== Extracted data ==
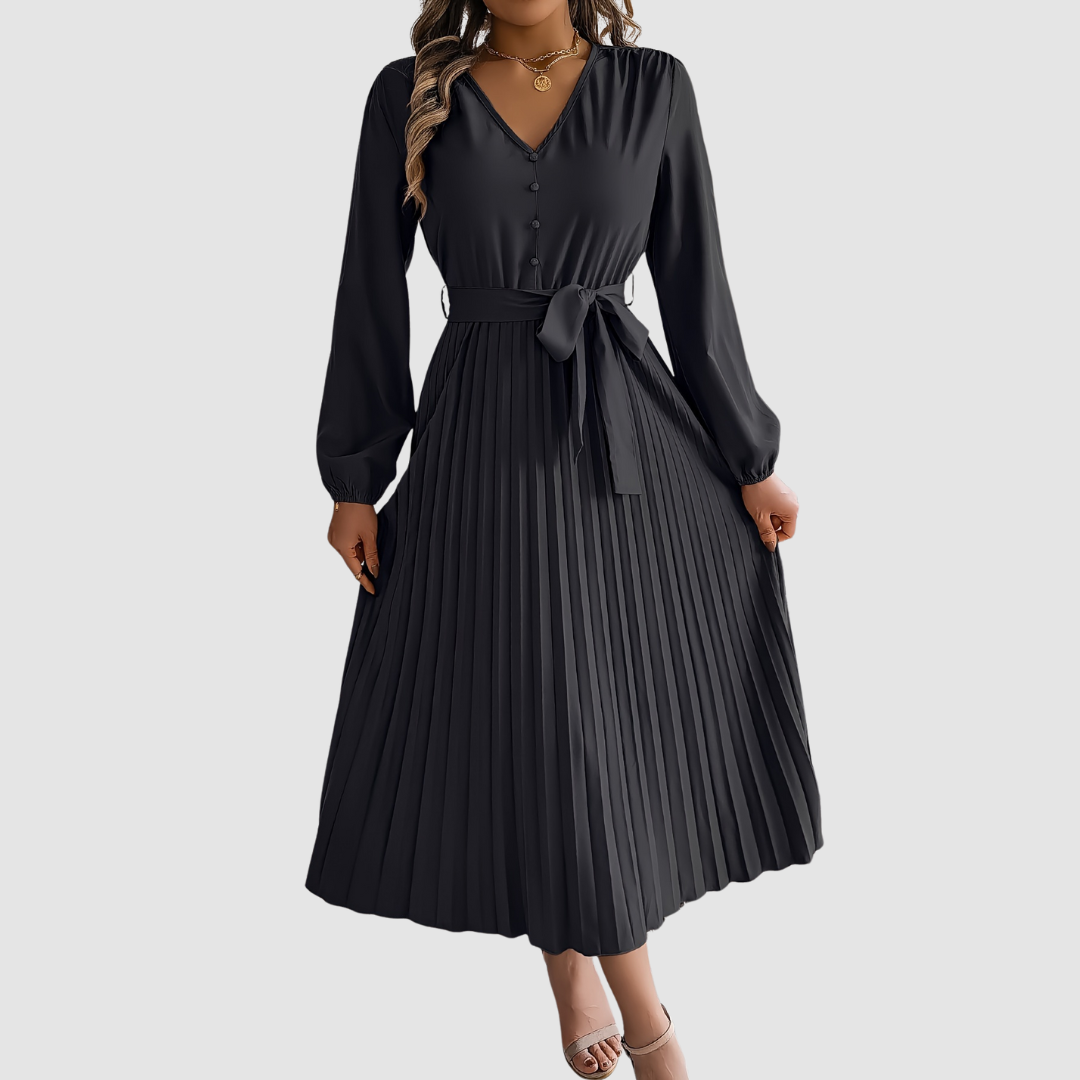 Celeste Bloom - Vestido midi plisado de manga larga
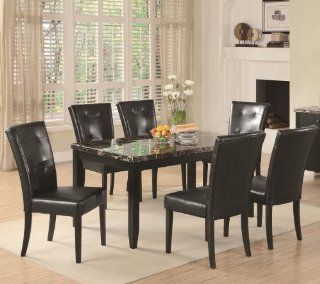 7 Piece Parson Dining Set Anisa Collection Coaster Black Leather Home & Kitchen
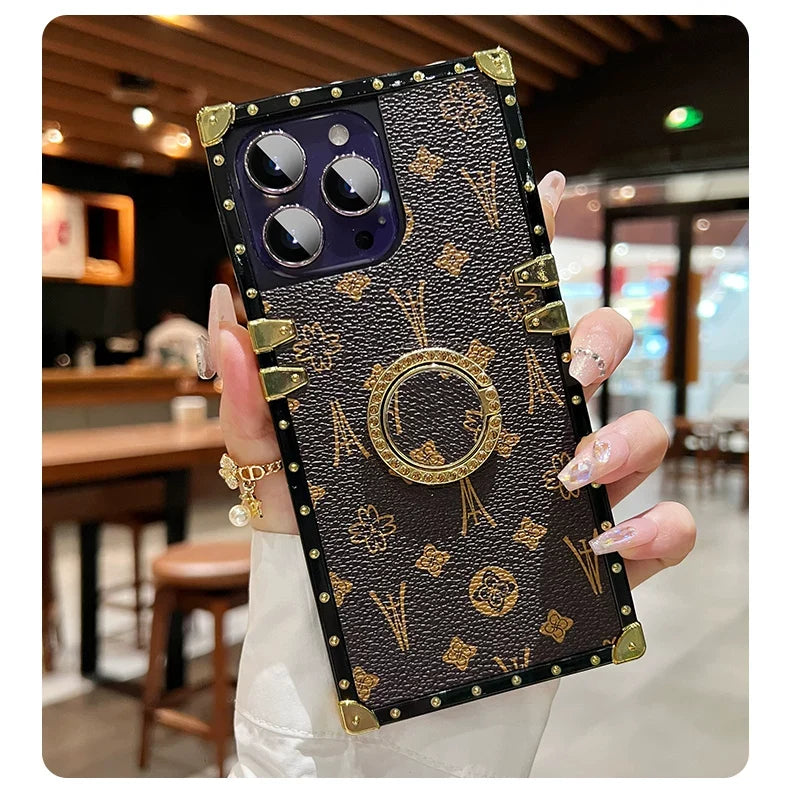Luxe Vintage Trunk iPhone Case with Gold Tone Ring Grip - side angle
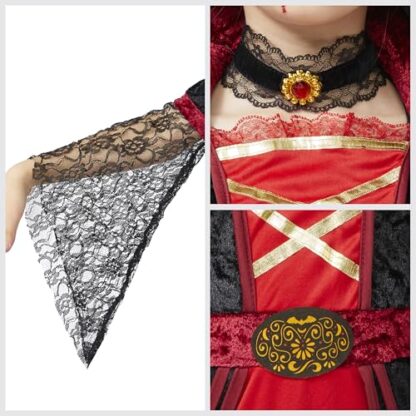 Spooktacular Creations Royal Vampire Costume for Girls, Deluxe Set Halloween Gothic Victorian Vampiress Queen Costume for Dress Up Party - Image 5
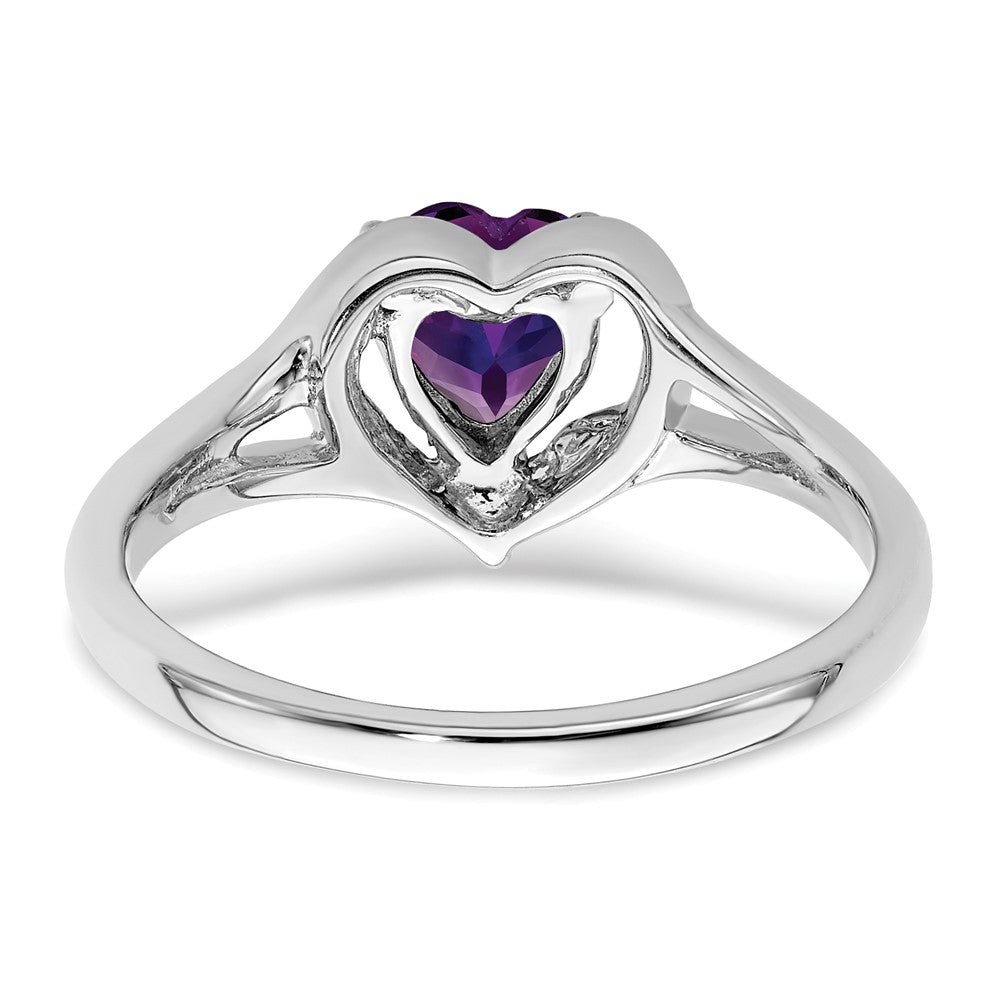 14k White Gold Amethyst and Real Diamond Heart Ring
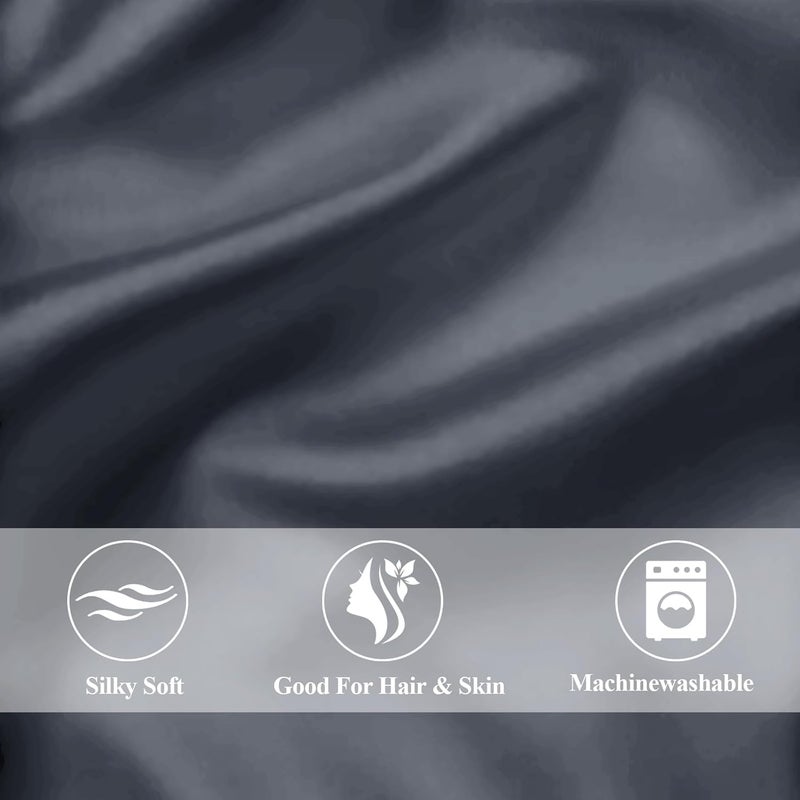 Vielit Satin Body Pillow Cover 1pc,Silky Body Pillow Pillowcase Similar to Silk Pillow Cases Soft Long Pillowcase 20x54 & Envelope Closure, for Women Men Dark Grey & 1 Satin Scunchie - Image 5
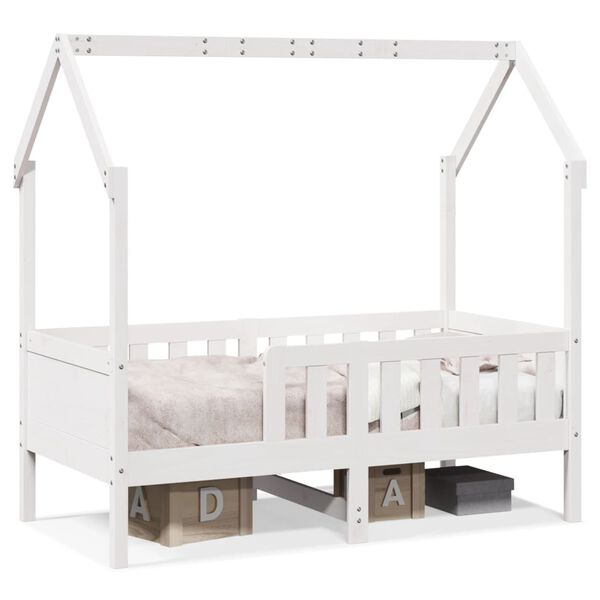 vidaXL Kids' House Bed Frame White 70x140 cm Solid Wood Pine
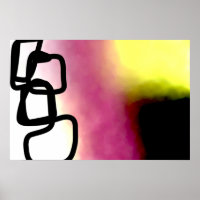 Blockchain: Abstract Pink, Yellow, Black & White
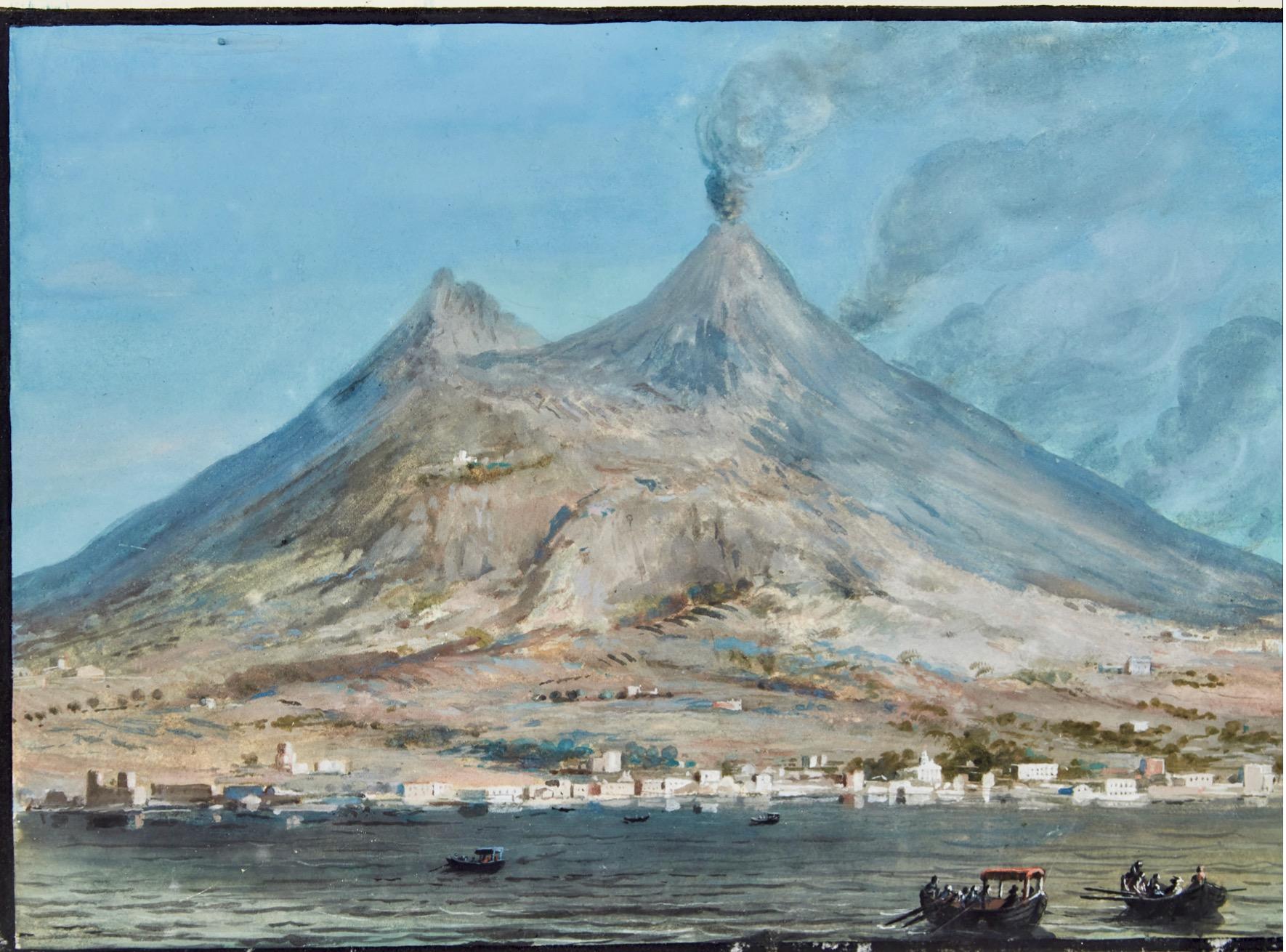 Erupción del Vesubio 1776 - Landscape Art Marrón de Unknown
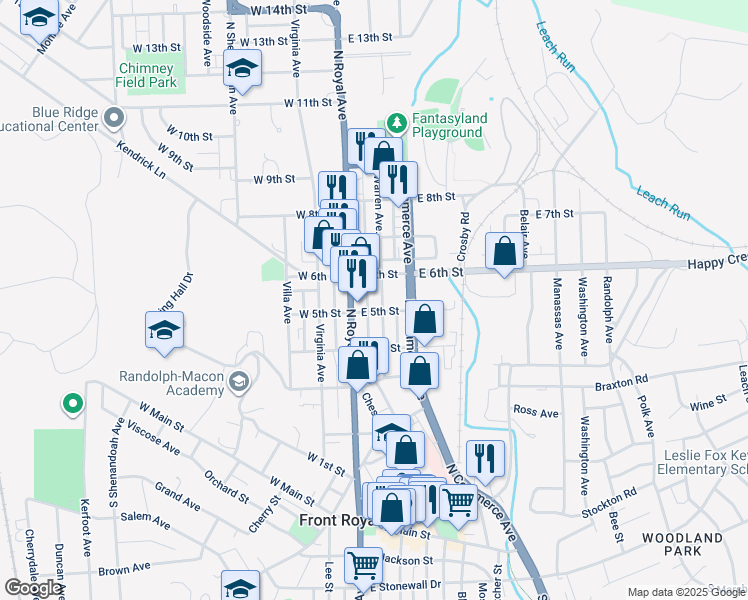 map of restaurants, bars, coffee shops, grocery stores, and more near 508 Warren Ave in Front Royal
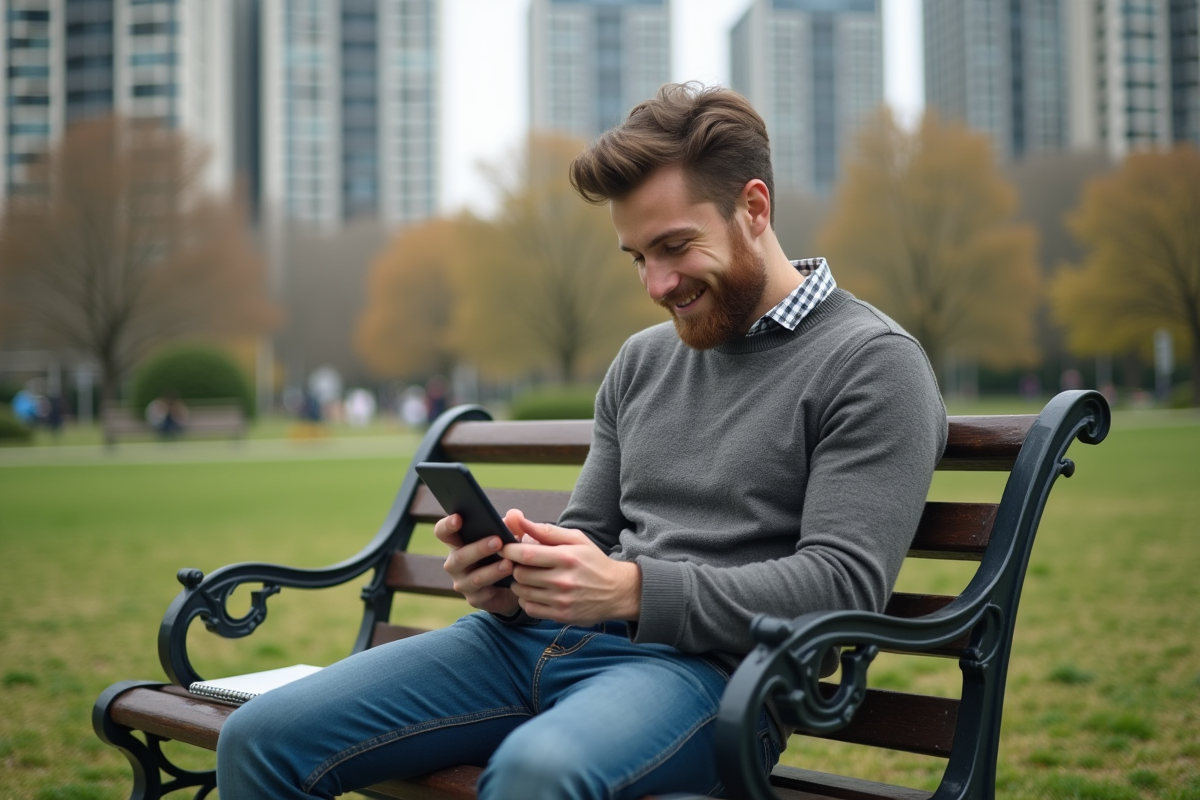 Jeune homme utilisant une application sur smartphone dans un parc urbain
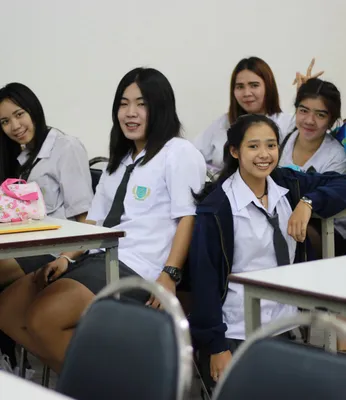 Students participating in group learning activities and enjoying themselves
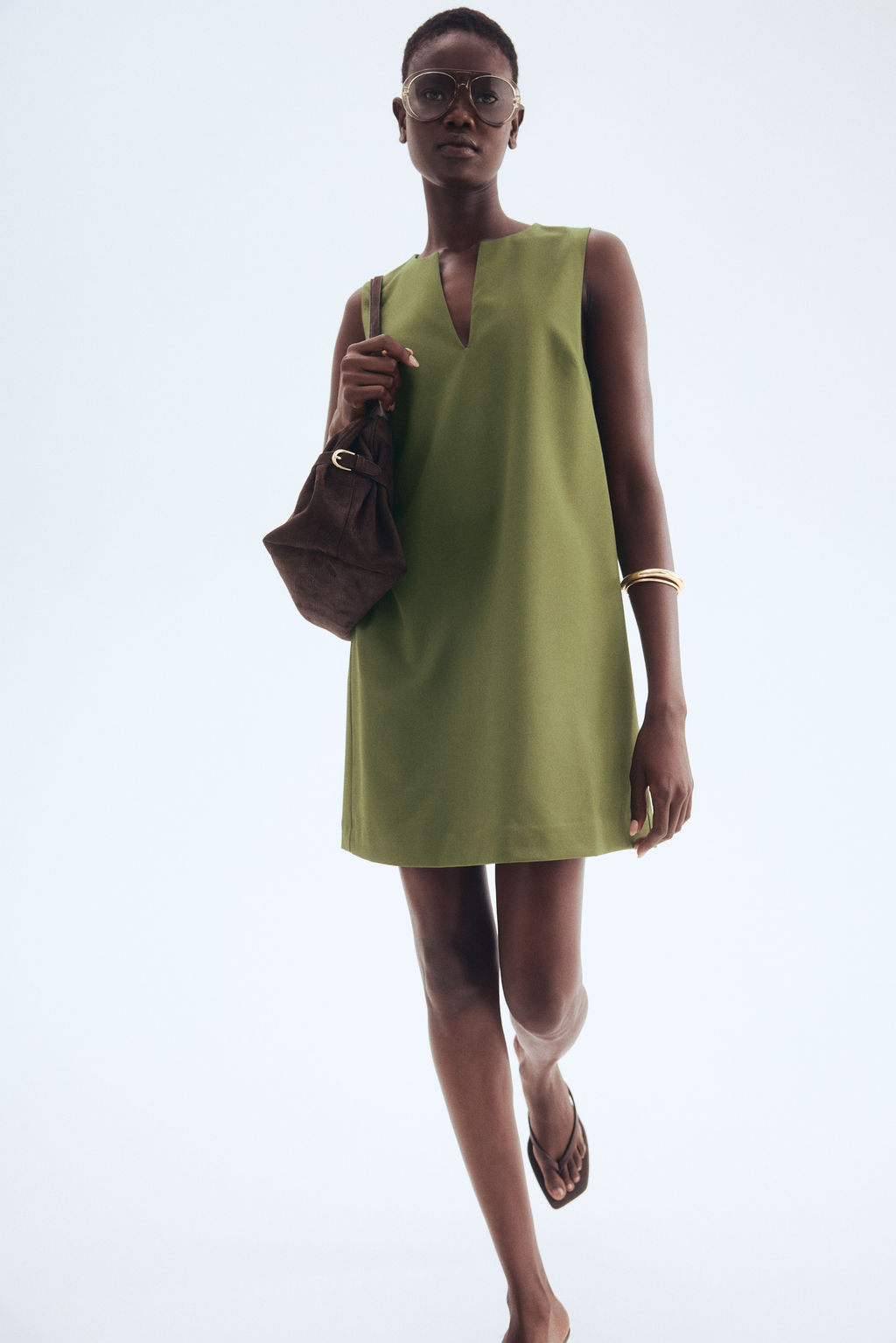 Vestido liso de sarga - H&m фото 9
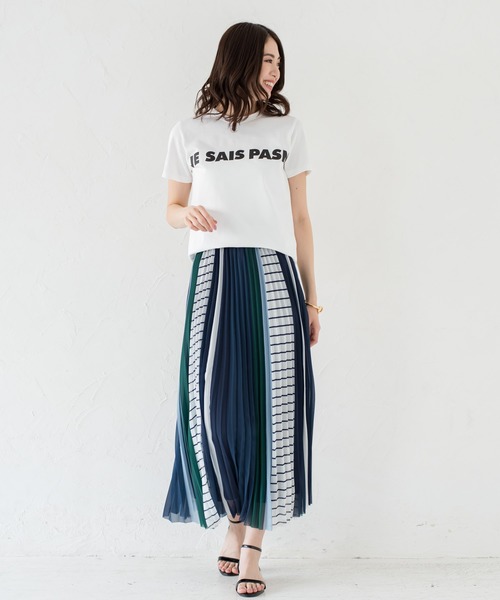 LOUNGEDRESS（ラウンジドレス）の「MIXストライプスカート（スカート・レディース・ネイビー/オレンジ・FREE）」の4枚目の写真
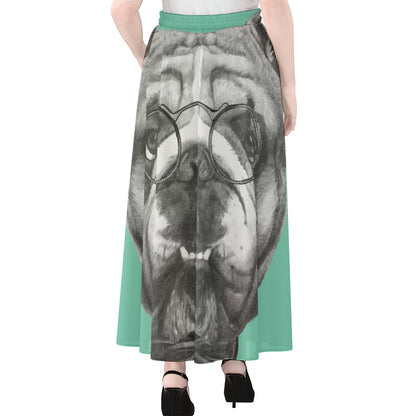 English Bulldog With Glasses Print Chiffon Maxi Skirt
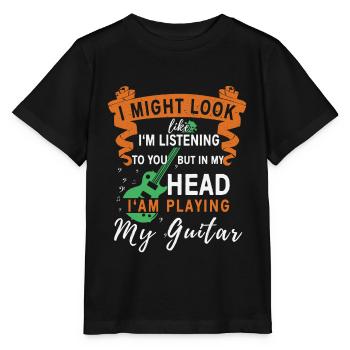 Musician guitars player - Stanley/Stella MINI CREATOR Kids’ T-Shirt - black - Front - Mikhail (115cm)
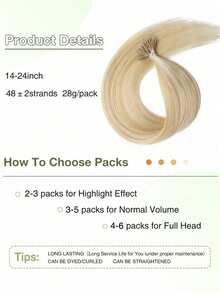 Extensiones de cabello humano real de 12-22 pulgadas con anillos nano, cabello humano Remy liso y recto, mechas de cabello con anillos nano, extensiones de cabello con nano puntas, para mujeres - S18/613 - Ver 8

== Task directions ==
Give back exactly, and solely, the section of the data above bounded by the line containing "7 Piece Parson" and the line containing "Erupción del Vesubio", both bounding lines included and pictures omitted.

== Written response ==
 7 Piece Parson Dining Set Anisa Collection Coaster Black Leather Home & Kitchen
Luxe Vintage Trunk iPhone Case with Gold Tone Ring Grip - side angle
 Spooktacular Creations Royal Vampire Costume for Girls, Deluxe Set Halloween Gothic Victorian Vampiress Queen Costume for Dress Up Party - Image 5
 14k White Gold Amethyst and Real Diamond Heart Ring
 Vielit Satin Body Pillow Cover 1pc,Silky Body Pillow Pillowcase Similar to Silk Pillow Cases Soft Long Pillowcase 20x54 & Envelope Closure, for Women Men Dark Grey & 1 Satin Scunchie - Image 5
 vidaXL Kids' House Bed Frame White 70x140 cm Solid Wood Pine
 Blockchain: Abstract Pink, Yellow, Black & White
 Erupción del Vesubio 1776 - Landscape Art Marrón de Unknown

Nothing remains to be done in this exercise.